A surprising number of drag-queen movies are currently out or on their way, among them, “Priscilla” and the forthcoming “To Wong Foo, Thanks for Everything, Julie Newmar.” (What unlikely titles. Luckily, when you call MOVIEFONE for tickets, you have to punch in only the first three letters.) The influx of these movies doesn’t necessarily herald a new open-mindedness. Drag can be a subversive subject, but Hollywood has never had trouble wringing conventional ideas out of it. You know the story: a guy poses as a gal to get a job. He stumbles around in high heels, but all he really wants to know about women is how to pick one up. Wasn’t that the plot of “Some Like It Hot” – and “Tootsie”?
“Priscilla” isn’t shy on laughs, but it also says a little about gender and sexuality, and it celebrates drag as art – a sort of Western version of Kabuki.

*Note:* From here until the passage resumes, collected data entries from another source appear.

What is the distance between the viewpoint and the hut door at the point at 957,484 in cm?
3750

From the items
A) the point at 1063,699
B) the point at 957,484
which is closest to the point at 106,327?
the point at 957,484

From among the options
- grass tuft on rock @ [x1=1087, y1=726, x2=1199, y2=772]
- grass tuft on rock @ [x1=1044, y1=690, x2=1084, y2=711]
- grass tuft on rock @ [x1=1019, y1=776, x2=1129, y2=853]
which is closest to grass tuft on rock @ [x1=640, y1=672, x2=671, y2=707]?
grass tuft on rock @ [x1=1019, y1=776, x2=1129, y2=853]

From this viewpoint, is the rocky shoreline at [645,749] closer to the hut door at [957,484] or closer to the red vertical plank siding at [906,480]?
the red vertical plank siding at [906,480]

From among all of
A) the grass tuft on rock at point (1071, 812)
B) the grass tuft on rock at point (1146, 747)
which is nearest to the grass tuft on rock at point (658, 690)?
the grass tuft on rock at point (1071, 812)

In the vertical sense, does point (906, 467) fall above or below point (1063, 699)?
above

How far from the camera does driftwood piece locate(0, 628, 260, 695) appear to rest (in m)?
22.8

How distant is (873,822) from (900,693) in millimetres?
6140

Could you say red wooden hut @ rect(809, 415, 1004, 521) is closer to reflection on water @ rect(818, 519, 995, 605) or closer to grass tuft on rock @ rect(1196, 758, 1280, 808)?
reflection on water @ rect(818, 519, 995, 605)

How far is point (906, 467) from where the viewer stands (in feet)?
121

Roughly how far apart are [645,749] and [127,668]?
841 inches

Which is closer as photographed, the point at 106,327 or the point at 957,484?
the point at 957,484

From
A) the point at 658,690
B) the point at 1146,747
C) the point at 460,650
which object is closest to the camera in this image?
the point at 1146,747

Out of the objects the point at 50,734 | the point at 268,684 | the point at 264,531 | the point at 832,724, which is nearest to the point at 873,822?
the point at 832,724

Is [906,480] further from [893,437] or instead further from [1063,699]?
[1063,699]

The movie follows three drag performers as they steam across the barren Australian Outback in a lavender bus, stopping to drink, lip-sync and freak out the locals. Stamp gives a magnificently minimalist, world-weary performance as Bernadette, a regal transsexual of a certain age. Her husband recently passed away (he asphyxiated on peroxide while bleaching his hair), and her parents haven’t spoken to her since that fateful day she got “the chop.” But the movie doesn’t want your pity. It’s full of wonderfully funny set pieces (the girls perform “I Will Survive” in full regalia for Aborigines in the middle of the desert), and it doesn’t beat you over the head with the cliche that all drag queens are crying on the inside.

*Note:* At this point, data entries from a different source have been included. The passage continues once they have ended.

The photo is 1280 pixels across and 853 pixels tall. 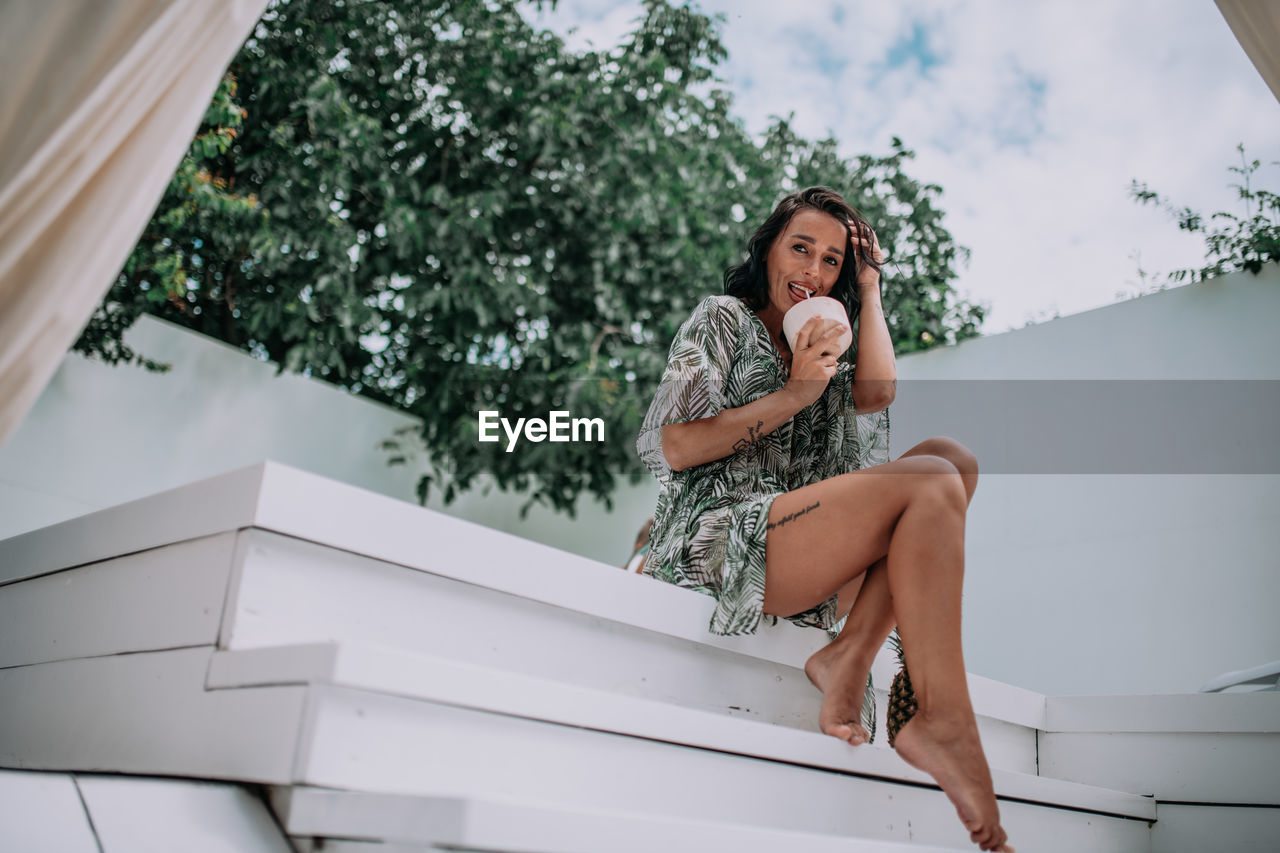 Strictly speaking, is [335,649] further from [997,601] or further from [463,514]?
[463,514]

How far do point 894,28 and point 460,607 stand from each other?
4788mm

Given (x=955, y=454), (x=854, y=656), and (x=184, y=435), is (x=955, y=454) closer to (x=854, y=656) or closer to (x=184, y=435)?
(x=854, y=656)

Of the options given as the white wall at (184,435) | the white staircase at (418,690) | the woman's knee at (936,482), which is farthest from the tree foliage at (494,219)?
the woman's knee at (936,482)

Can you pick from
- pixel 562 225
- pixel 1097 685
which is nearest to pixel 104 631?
pixel 1097 685

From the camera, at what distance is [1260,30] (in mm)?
1620

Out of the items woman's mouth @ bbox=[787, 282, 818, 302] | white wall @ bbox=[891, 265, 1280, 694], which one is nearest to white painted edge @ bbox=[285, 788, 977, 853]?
woman's mouth @ bbox=[787, 282, 818, 302]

On paper, “Wong Foo,” due out next year, looks an awful lot like “Priscilla.” Wesley Snipes, Patrick Swayze and John Leguizamo play drag queens rolling through nowhere, though this time it’s Nebraska. Universal Pictures, distributor of “Wong Foo,” reportedly got nervous when “Priscilla” was a hit at Cannes, but the consensus is that “Wong Foo” will be more mainstream. Tim Burton will likely be bolder in October’s “Ed Wood,” starring Johnny Depp as the great schlock director, famous for his angora fetish. Who knows what will become of the “La Cage aux Folles” remake? United Artists reportedly hopes Mike Nichols will direct and Robin Williams will star.

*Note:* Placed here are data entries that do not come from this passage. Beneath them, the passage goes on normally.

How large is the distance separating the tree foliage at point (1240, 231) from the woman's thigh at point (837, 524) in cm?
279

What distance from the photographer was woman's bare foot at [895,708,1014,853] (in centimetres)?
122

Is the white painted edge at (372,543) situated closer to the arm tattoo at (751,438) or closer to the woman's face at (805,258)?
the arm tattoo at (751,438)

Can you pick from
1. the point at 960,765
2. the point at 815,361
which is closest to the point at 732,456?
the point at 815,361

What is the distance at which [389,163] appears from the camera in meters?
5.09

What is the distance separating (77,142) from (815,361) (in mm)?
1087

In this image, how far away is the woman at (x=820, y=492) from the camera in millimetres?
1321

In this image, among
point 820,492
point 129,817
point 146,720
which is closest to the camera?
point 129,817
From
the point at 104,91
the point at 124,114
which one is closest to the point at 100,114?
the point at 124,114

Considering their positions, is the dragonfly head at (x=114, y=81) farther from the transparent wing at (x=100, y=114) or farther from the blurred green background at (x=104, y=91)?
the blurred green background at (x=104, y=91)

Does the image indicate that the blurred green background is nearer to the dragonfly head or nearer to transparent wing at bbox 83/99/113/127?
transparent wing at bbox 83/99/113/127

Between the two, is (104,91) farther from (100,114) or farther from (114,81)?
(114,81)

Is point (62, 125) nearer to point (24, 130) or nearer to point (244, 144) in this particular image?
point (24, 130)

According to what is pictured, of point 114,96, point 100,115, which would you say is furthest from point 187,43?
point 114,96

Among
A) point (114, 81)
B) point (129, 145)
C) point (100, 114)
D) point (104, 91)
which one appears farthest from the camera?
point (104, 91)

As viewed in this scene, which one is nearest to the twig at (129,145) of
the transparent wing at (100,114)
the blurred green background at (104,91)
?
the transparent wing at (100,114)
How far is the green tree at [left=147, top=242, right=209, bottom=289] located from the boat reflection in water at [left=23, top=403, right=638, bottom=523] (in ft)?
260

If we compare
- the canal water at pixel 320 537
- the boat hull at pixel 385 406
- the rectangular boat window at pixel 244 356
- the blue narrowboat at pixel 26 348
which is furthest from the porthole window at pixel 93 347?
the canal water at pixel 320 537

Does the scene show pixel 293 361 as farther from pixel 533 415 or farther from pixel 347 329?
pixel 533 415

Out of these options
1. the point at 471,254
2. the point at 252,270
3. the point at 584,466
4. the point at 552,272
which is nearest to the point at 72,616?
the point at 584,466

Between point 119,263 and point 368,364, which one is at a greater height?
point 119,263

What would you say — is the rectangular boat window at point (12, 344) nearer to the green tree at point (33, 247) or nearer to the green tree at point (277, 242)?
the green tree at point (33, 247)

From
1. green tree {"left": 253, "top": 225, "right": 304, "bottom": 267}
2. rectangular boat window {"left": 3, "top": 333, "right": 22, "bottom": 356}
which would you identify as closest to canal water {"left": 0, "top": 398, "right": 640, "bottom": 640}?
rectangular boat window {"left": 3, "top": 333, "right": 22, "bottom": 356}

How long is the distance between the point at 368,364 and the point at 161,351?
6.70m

Despite Williams’s success in “Mrs. Doubtfire,” Hollywood is still hedging its bets and marketing drag pictures as broad entertainments. " “Priscilla’ is a fish-out-of-water story, like “City Slickers’,” says Russell Schwartz, president of Gramercy Pictures. Point taken, though comparing “Priscilla” to something as banal as “City Slickers” seems less than flattering. That’s no way to treat a lady.